Selain menyinggung tantang buku pak Blasius, Bu Afi juga menyinggung
tentang perpustakaan dan TBM ( Taman Baca Masyarakat) yaitu mengenai Pengembangan
masyarakat. Namun beliau lebih menekankan pada taman bacaan masyarakat atau
yang sering disebut TBM. Beliau memberi contoh TBM yang ada di Sleman yaitu
TBM cakruk Pintar. TBM tersebut sudah
maju, minat baca masyarakatnya juga sangat antusias. Sebenarnya perpustakaan
dan TBM mempunyai ruh yang sama yaitu mengembangkan minat baca. Akan tetapi di
yogyakarta masih banyak problematika tentang TBM . Dari data yang didapat, dari
240 TBM yang ada di yogyakarta , hampir 30% sudah “koma” atau tidak mati dan
tidak hidup.
Di tahun 2012 pak Blasius menggandeng Ratih untuk berkolaborasi dalam
penulisan buku yang berjudul “Perpustakaan untuk Rakyat”. Beliau mengutarakan
berbagai masalah yang dihadapi saat penulisan buku tersebut.

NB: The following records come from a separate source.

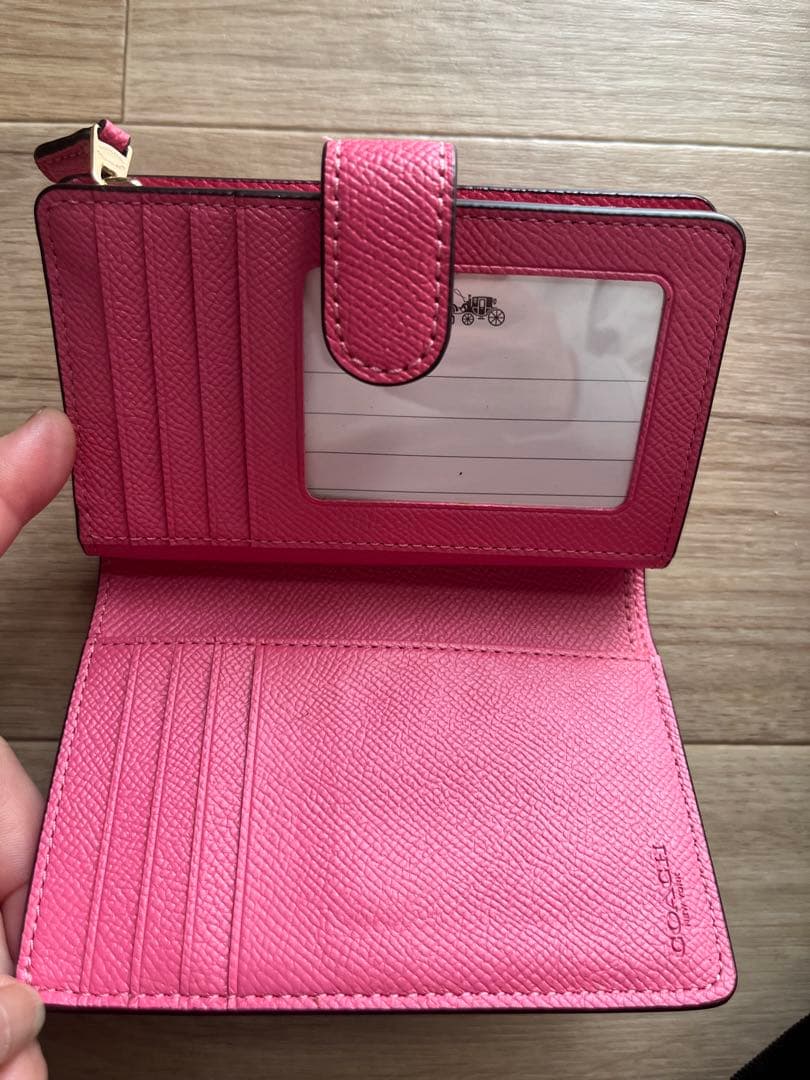 COACH コーチ 二つ折り財布 ピンク レザー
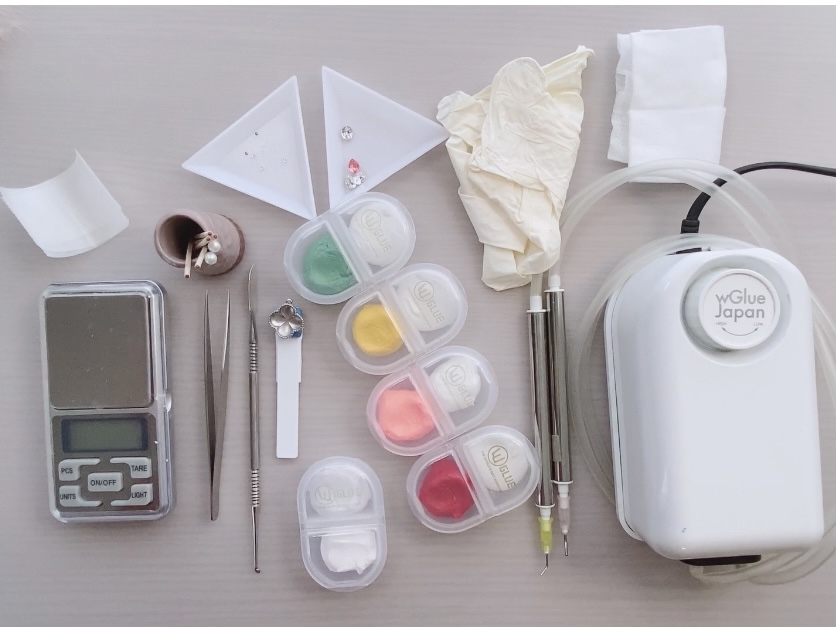 【 グルーであそぼ 】〜グルーデコの基礎＆混色を楽しみながら学べます〜の紹介画像1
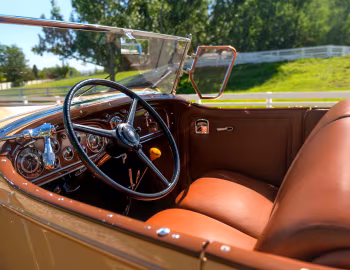 Interior 1932 Cadillac V16 452-B Sport Phaeton (32-16-279)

Selain dari
penyesuaian pola pikir dua orang, juga masalah persepsi dua generasi yang mempunyai selisih
umur. Namun hal ini dapat di tepis, sehingga lahirlah buku ini. Buku
Perpustakaan untuk rakyat tersebut mengadaptasi dar buku Sri Sultan HB IX yang
berjudul Tahta untuk Rakyat. Kita perlu berfikir secara sareh, yaitu cerdas dan
hening. Perpustakaan adalah jalan sunyi dan berdaki, penuh penantian dan
harapan.
Menurut pak Blasius pustakawan seharusnya yang berjiwa kepustakawanan,
harus memeliki keprofesionalan dalam pelayanan, kepustakawanan adalah panggilan
hidup, Kepustakawanan adalah spirit of life. Kepustakawanan lebih dekat dengan
kemampuan memahami yang mau, dari pada yang mampu.